Con la riedizione del “Mattarellum”, l’ex premier Renzi, come ha scritto Massimo Franco, tenta di ritornare indietro di 23 anni. L’arroccamento leaderista di Renzi appare in continuità con l’Italicum, legge sulla quale il governo aveva a suo tempo posto il voto di fiducia: tutte e due sono ritagliate su una realtà ormai inesistente, quella di un bipolarismo che tutte le ultime elezioni hanno nettamente cancellato dallo schema politico.
La fine della stagione bipolare in Italia ha coinciso con lo svilupparsi di una deriva antisistema che, prendendo a prestito gli effetti negativi della crisi economica iniziata nel 2008 e della globalizzazione, ha fatto crescere movimenti politici di protesta sul piano interno e neonazionalisti sul piano internazionale. Il rischio reale è che l’ampliarsi del consenso di questo populismo abbia l’effetto di indebolire ulteriormente la governabilità senza produrre una alternativa politica e, soprattutto, essere all’altezza delle nuove sfide che si presentano: dal fenomeno immigratorio al potere incontenibile della finanza speculativa, dalla grande questione del lavoro all’impoverimento dei ceti popolari e medi. Nel tempo della minaccia terroristica, la democrazia si rinsalda con il consenso e cioè con l’esaltazione delle ragioni della convivenza e della giustizia sociale e delle loro radici storiche e culturali.

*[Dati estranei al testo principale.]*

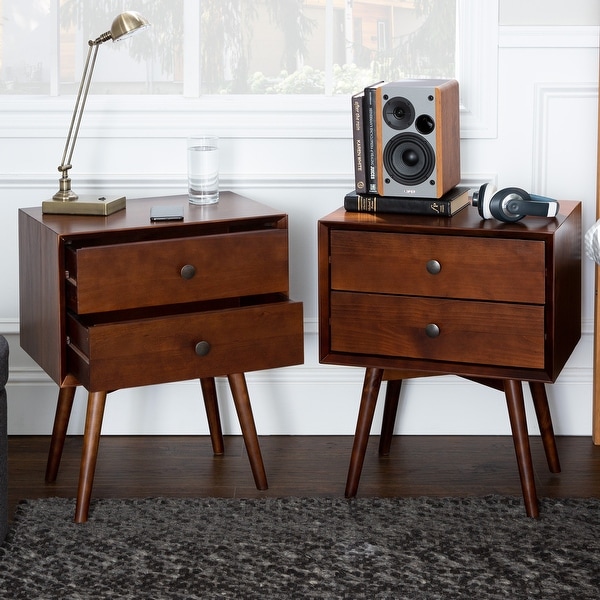 Middlebrook Mid Century Solid Wood 2 Drawer Nightstand Set of 2
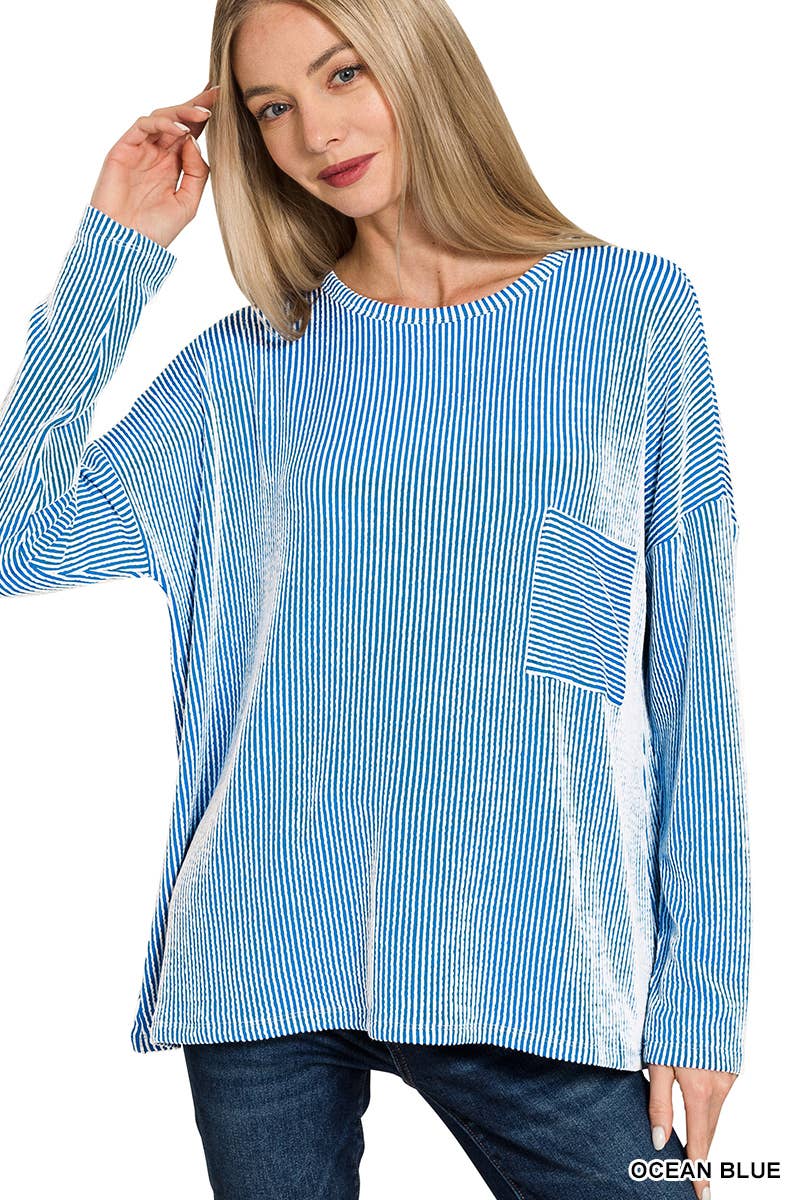 '...._ Ribbed Striped Oversized Long Sleeve Top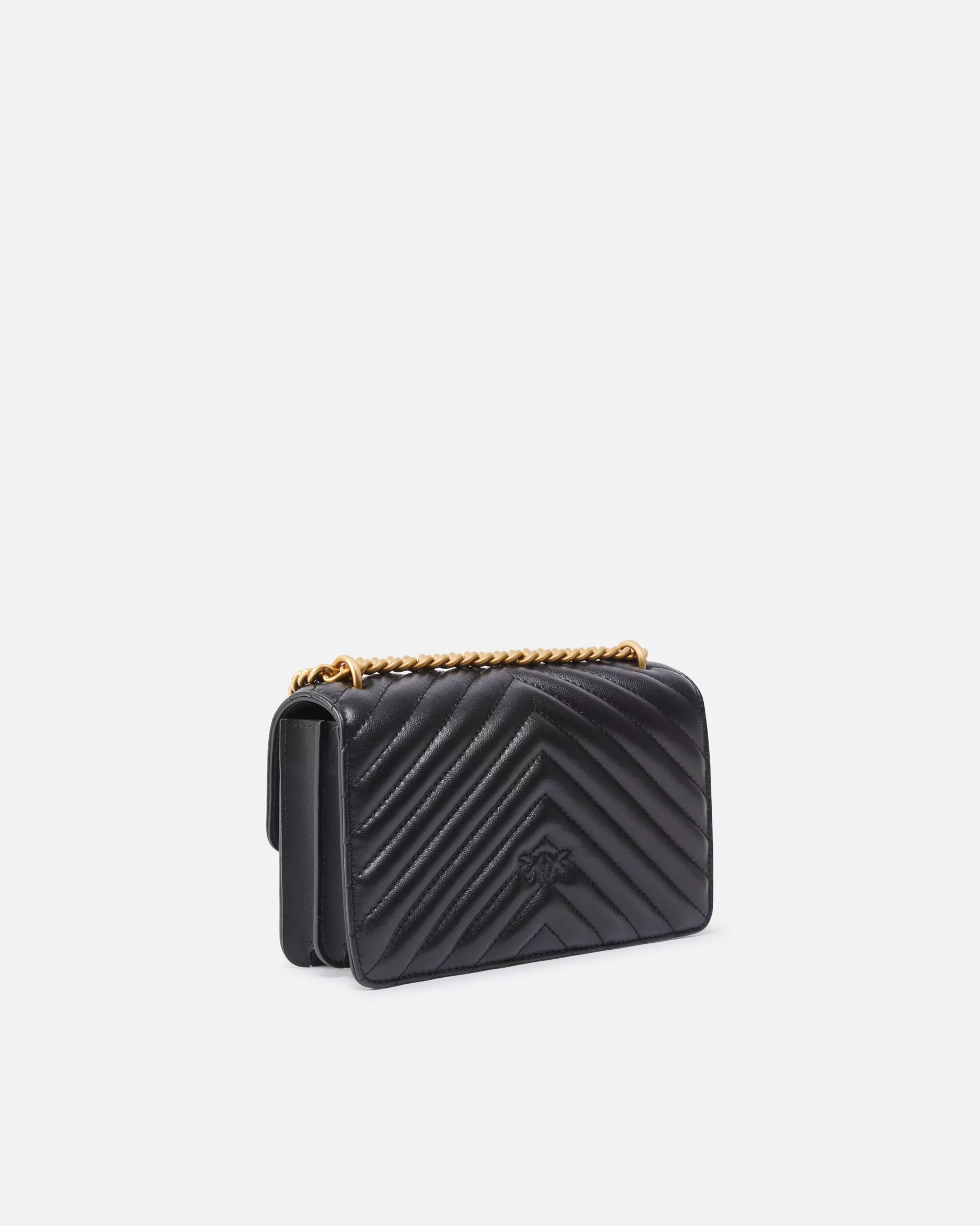 PINKO Torebki Przewieszane Przez Ramię | Torebki Na Ramię | Mini Love Bag One Chevron CZARNY-ANTIQUEGOLD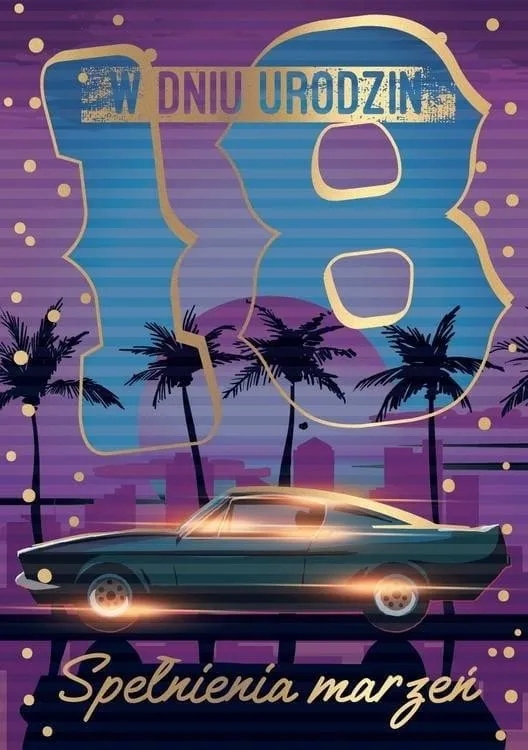 

Kartka urodzinowa na 18 urodziny samochód palmy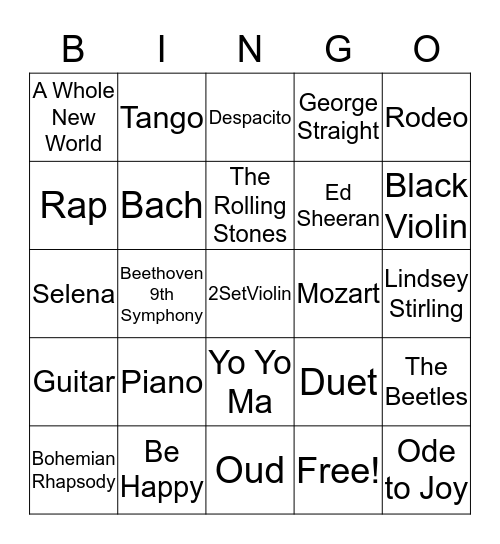 Name that Tune Bingo Card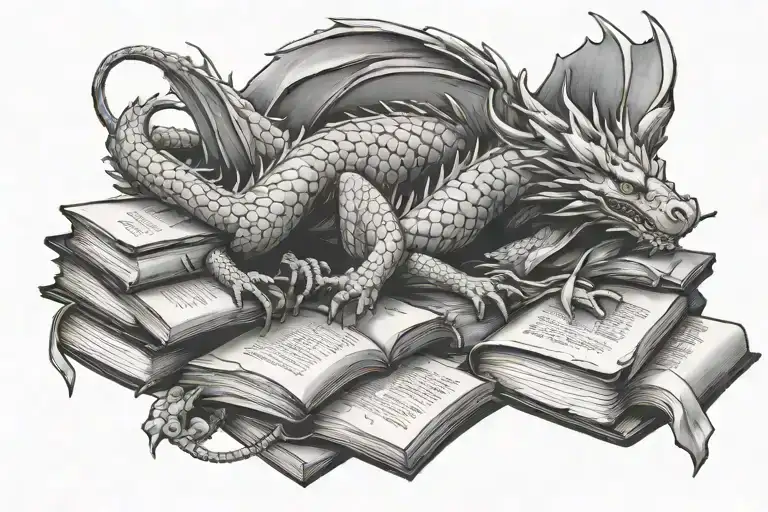 Dragon Sleeping On Books Surrounded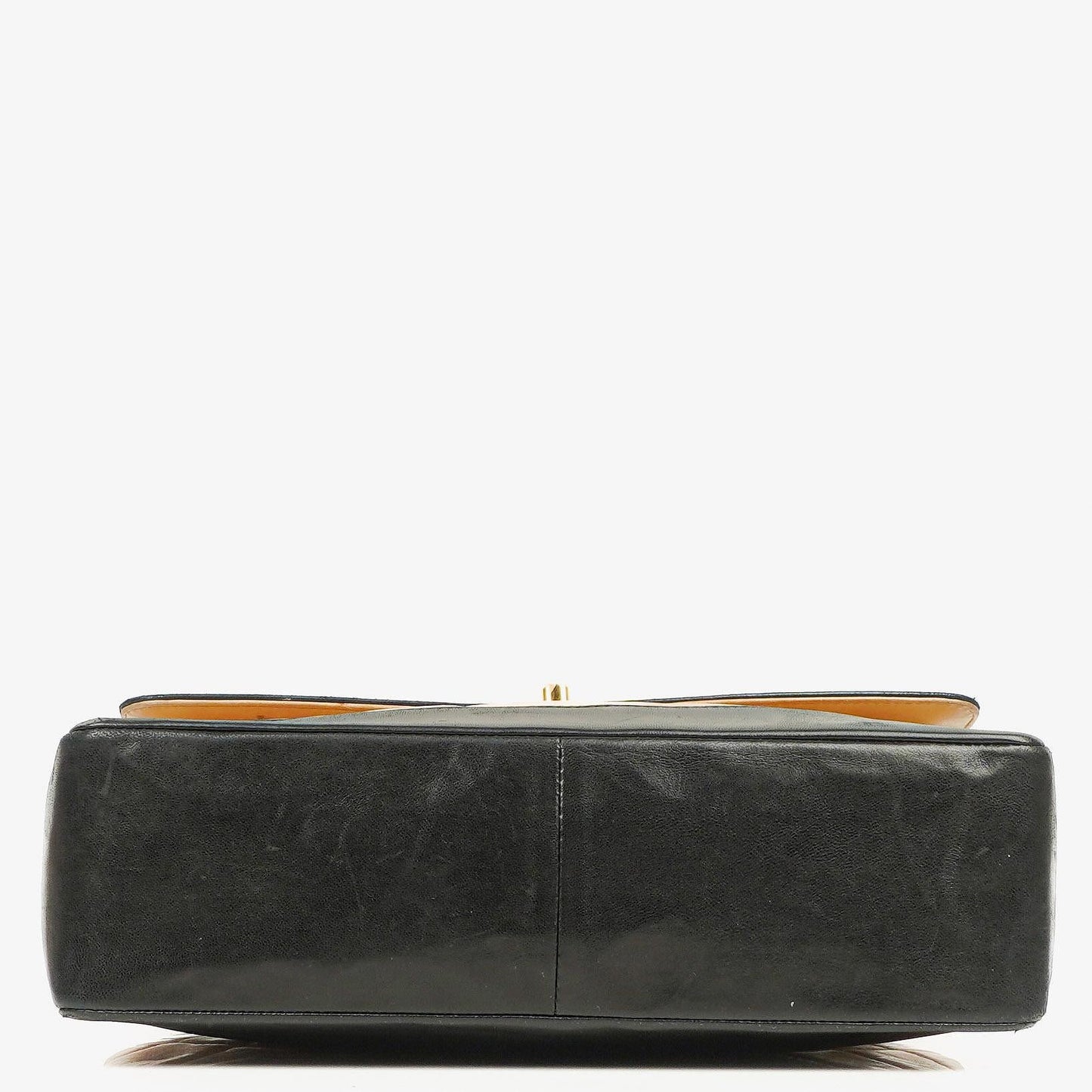 Chanel Gestepptes Lammleder Beige Schwarz Single Flap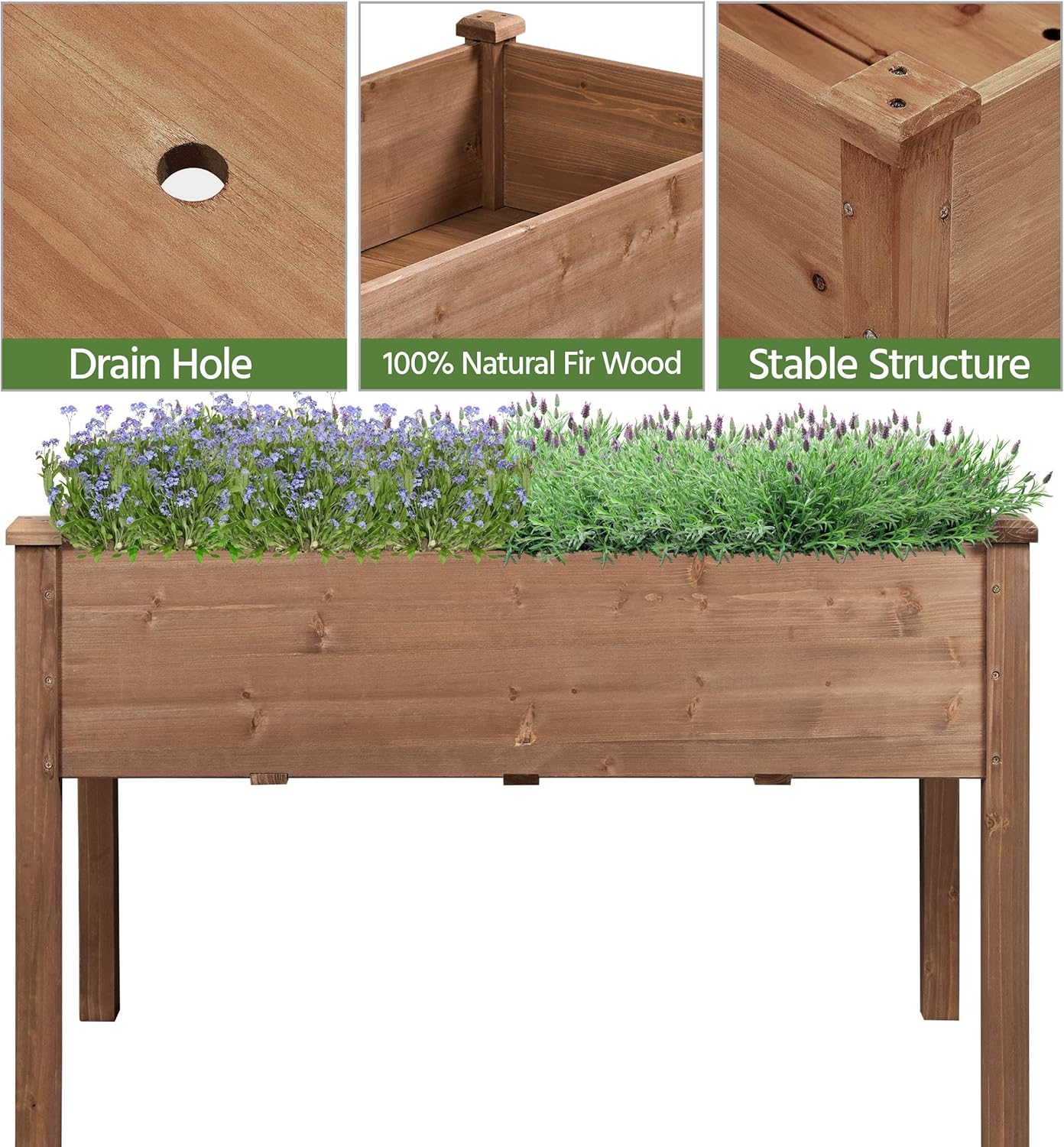 Topeakmart Wooden Garden Planter Boxes 48 X 23 X 30in Elevated Raised Garden Bed Outdoor with Legs Wooden Gardening Box for Flower/Vegetable/Herb/Tomato/Backyard/Patio, 1pc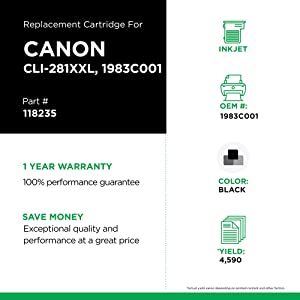 Clover imaging group Clover Imaging Replacement Super High Yield Ink Cartridge Replacement for Canon CLI-281XXL | Black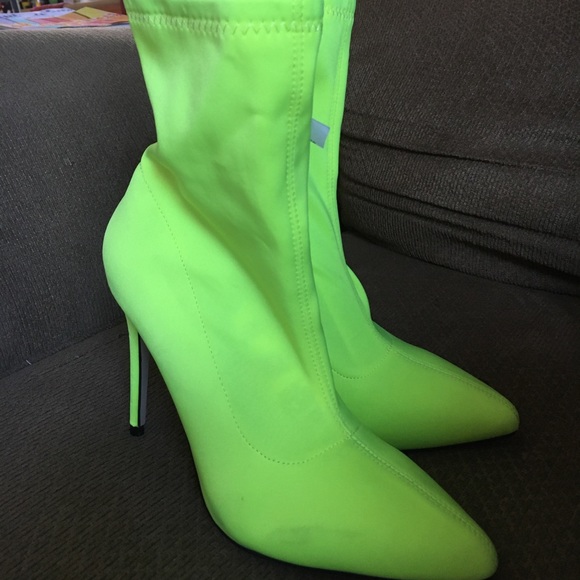 Fashion Nova Shoes - NWOT Neon FN heeled boots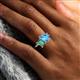 6 - Nadya Pear Shape Blue Topaz & Emerald Shape Lab Created Alexandrite 2 Stone Duo Ring 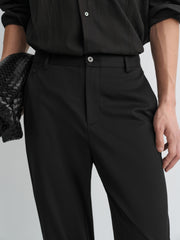 Men's Casual Tapered Black Drape-Fit Trousers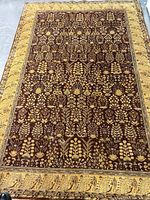 Full view of carpet laid flat showing overall pattern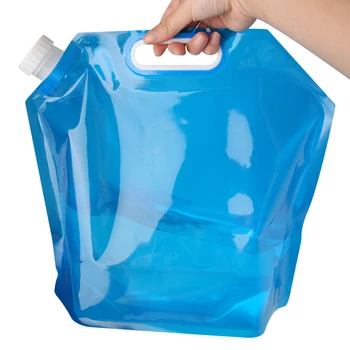 5/10L Folding Water Bag Outdoor Portable Water Canister Lightweight Drinking Water Storage Bucket Hiking Camping Supplies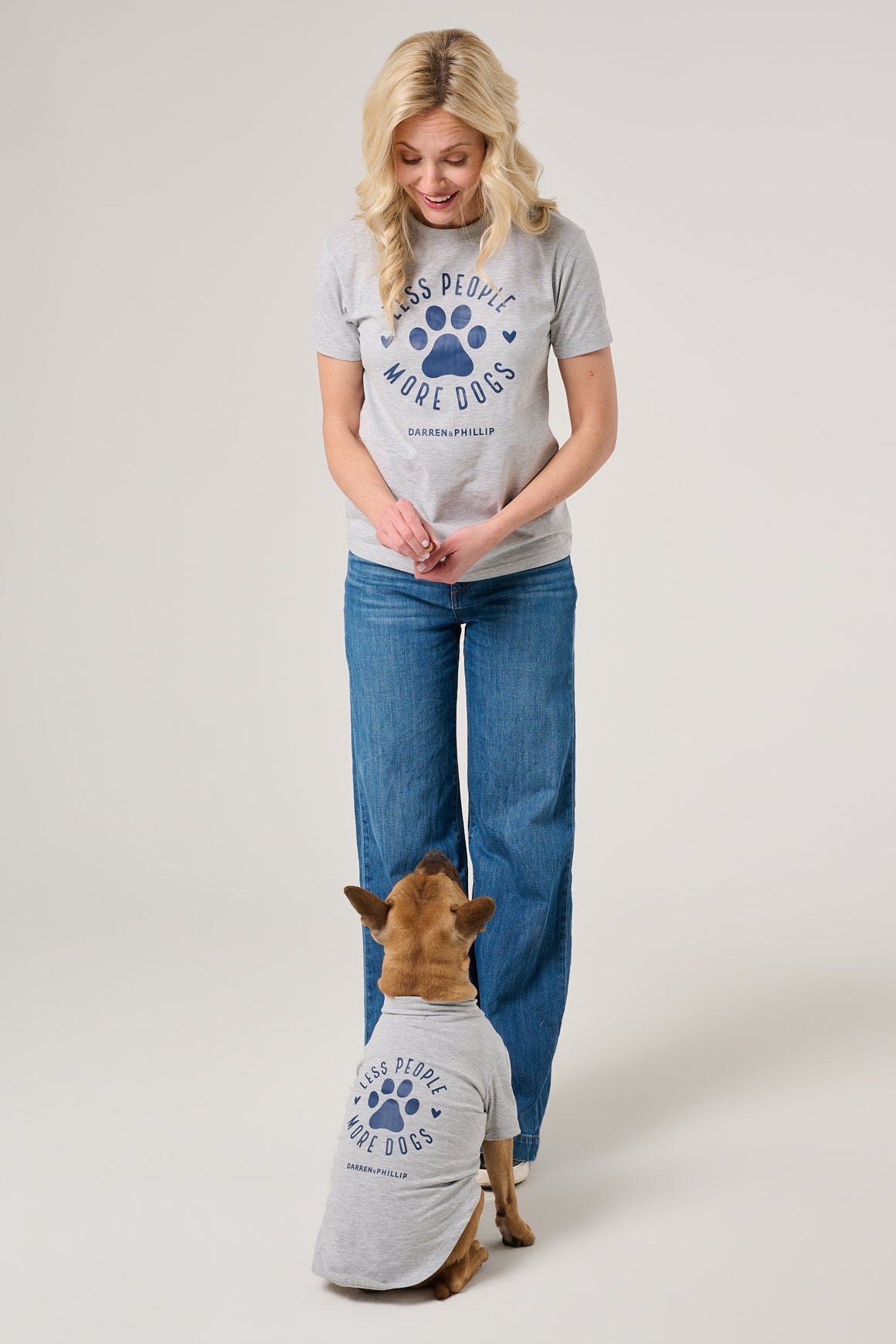 Less People More Dogs Women's Tee | Heather Gray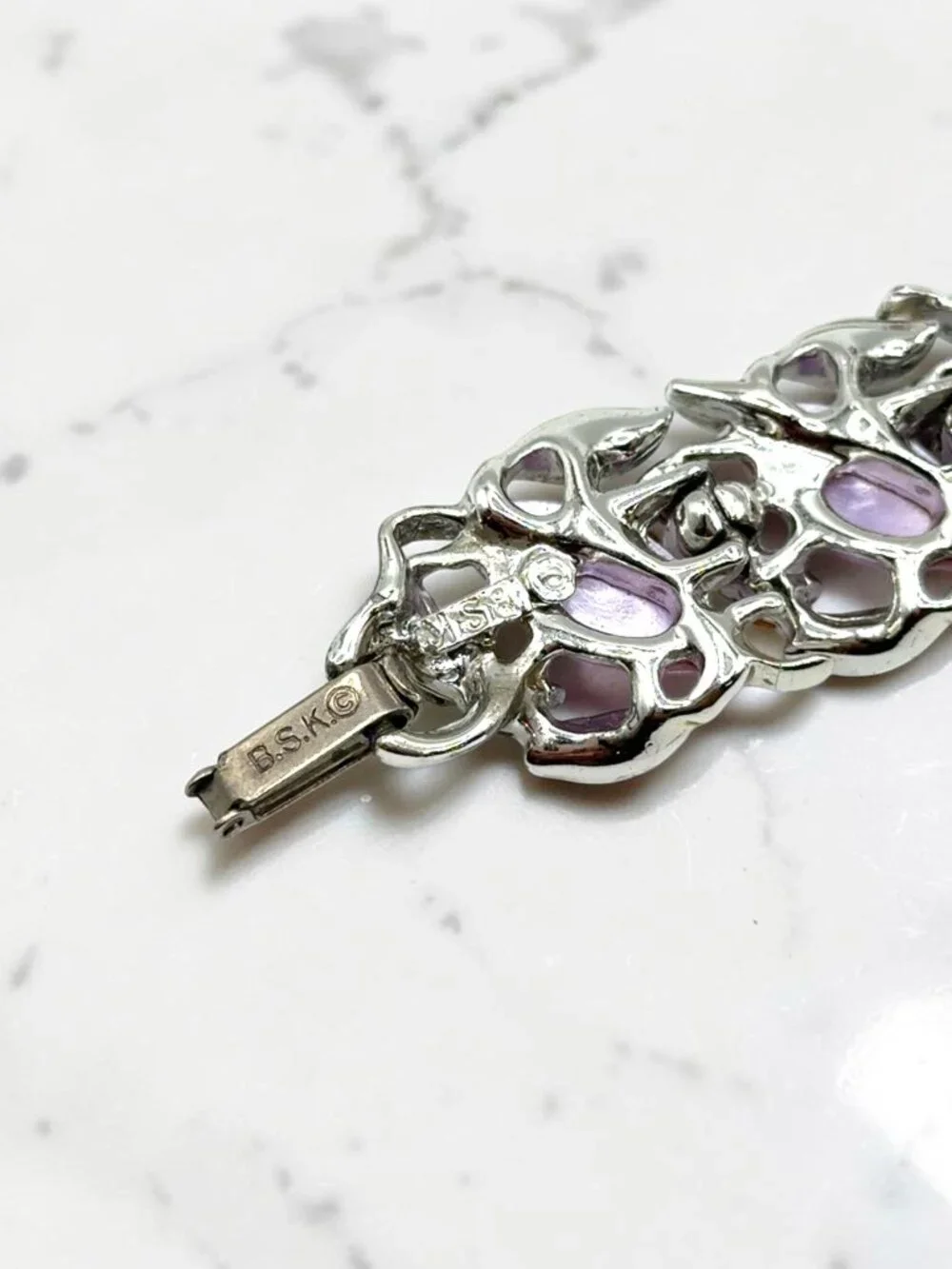Vintage BSK Lavender Bracelet with Rhinestone Accents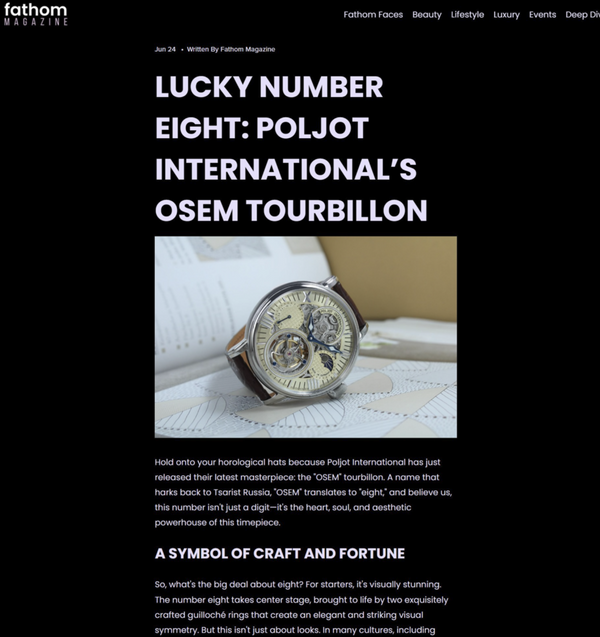 Lucky Number Eight: POLJOT INTERNATIONAL OSEM Tourbillon - featured in Fathom 24 June 2024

Al bipolarismo dello schema partitico si va sostituendo un bipolarismo tra quelle forze politiche che si schierano per la tenuta e il rafforzamento del sistema e quelle antisistema. Come spesso è accaduto nella storia la sollecitazione di carattere rivoluzionario riesce a prevalere non per sua forza, ma per la debolezza e la crisi dell’ordine esistente.
Il quadro politico italiano, dunque, rientra in questo schema generale e le forze politiche hanno la necessità di rafforzare il sistema democratico come capacità di governo, basata, però, su una rappresentanza reale.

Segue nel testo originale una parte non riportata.